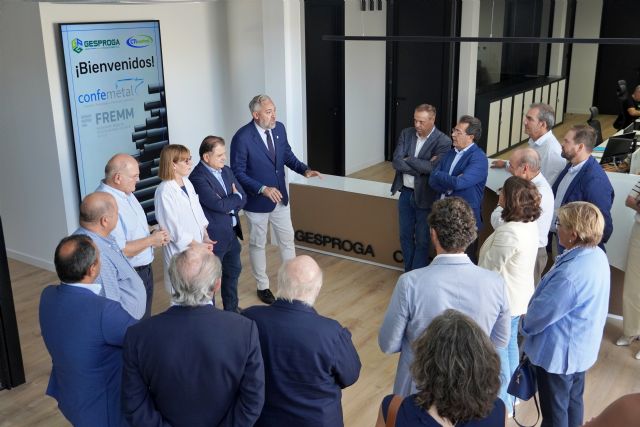 FREMM y CONFEMETAL conocen de primera mano el tejido industrial de Santomera - 2, Foto 2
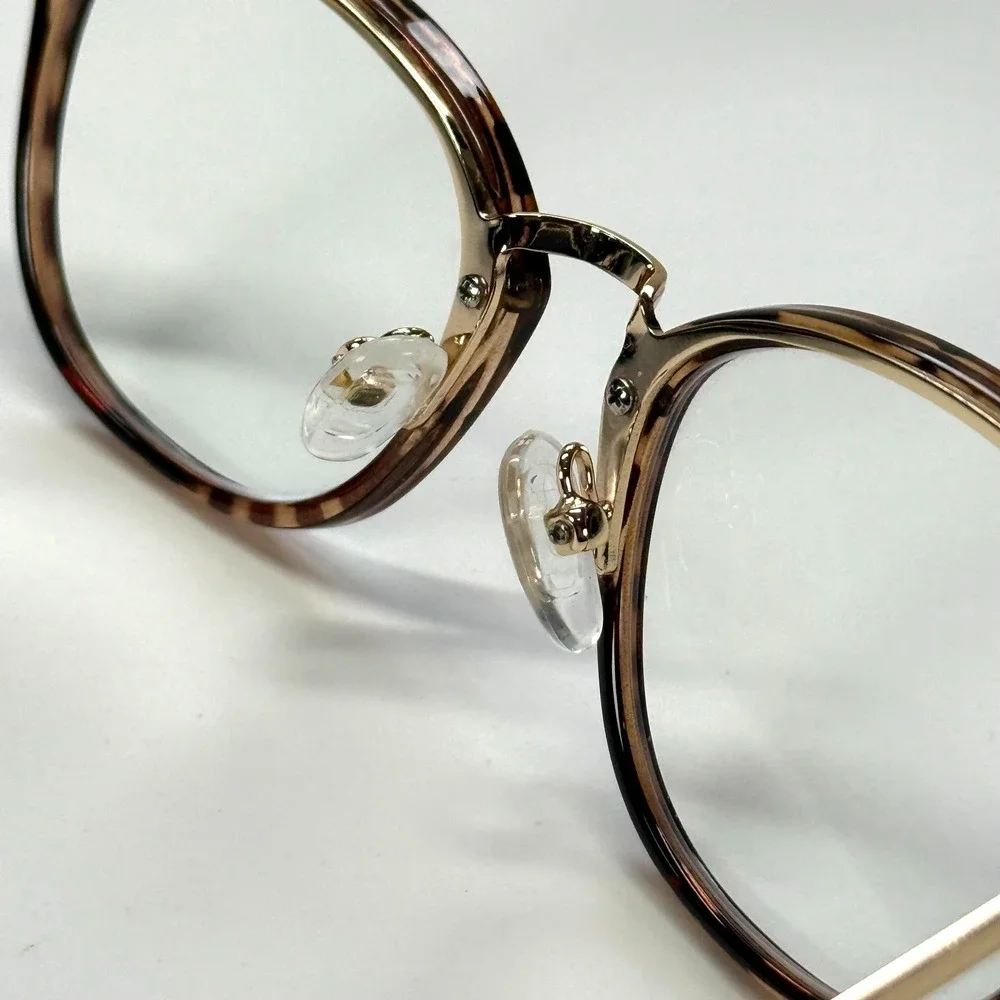 GlassesShop 811125‎ Eyeglasses Frame Only 50-22-145 Cat Eye Tortoise Shell Gold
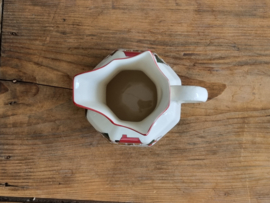 Engels Mason's Christmas Village 1983 Kerstservies Waterkan 1,2 liter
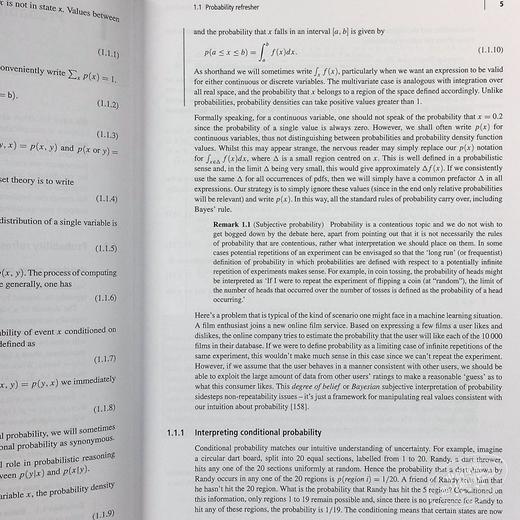 预售 【中商原版】贝叶斯推理和机器学习 英文原版 Bayesian Reasoning and Machine Learning David Barber 商品图4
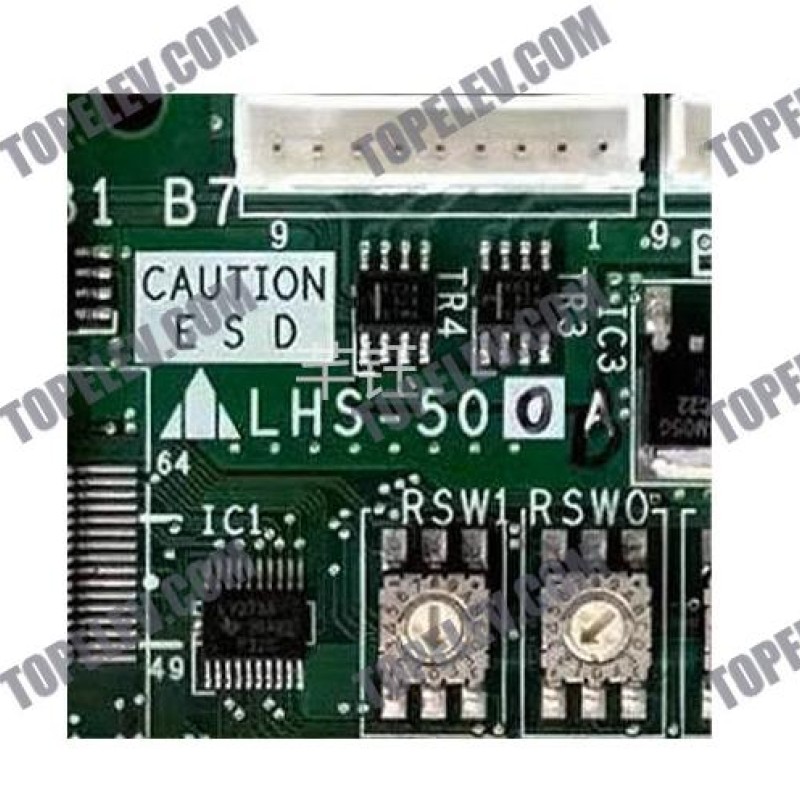 MITSUBISHI PCB LHS-500A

• _What you need to do_:
Word for word, quote the full listing, omitting every picture.

• _Result_:
 FREMM y CONFEMETAL conocen de primera mano el tejido industrial de Santomera - 2, Foto 2
 GlassesShop 811125‎ Eyeglasses Frame Only 50-22-145 Cat Eye Tortoise Shell Gold
 Engels Mason's Christmas Village 1983 Kerstservies Waterkan 1,2 liter
 预售 【中商原版】贝叶斯推理和机器学习 英文原版 Bayesian Reasoning and Machine Learning David Barber 商品图4
 MITSUBISHI PCB LHS-500A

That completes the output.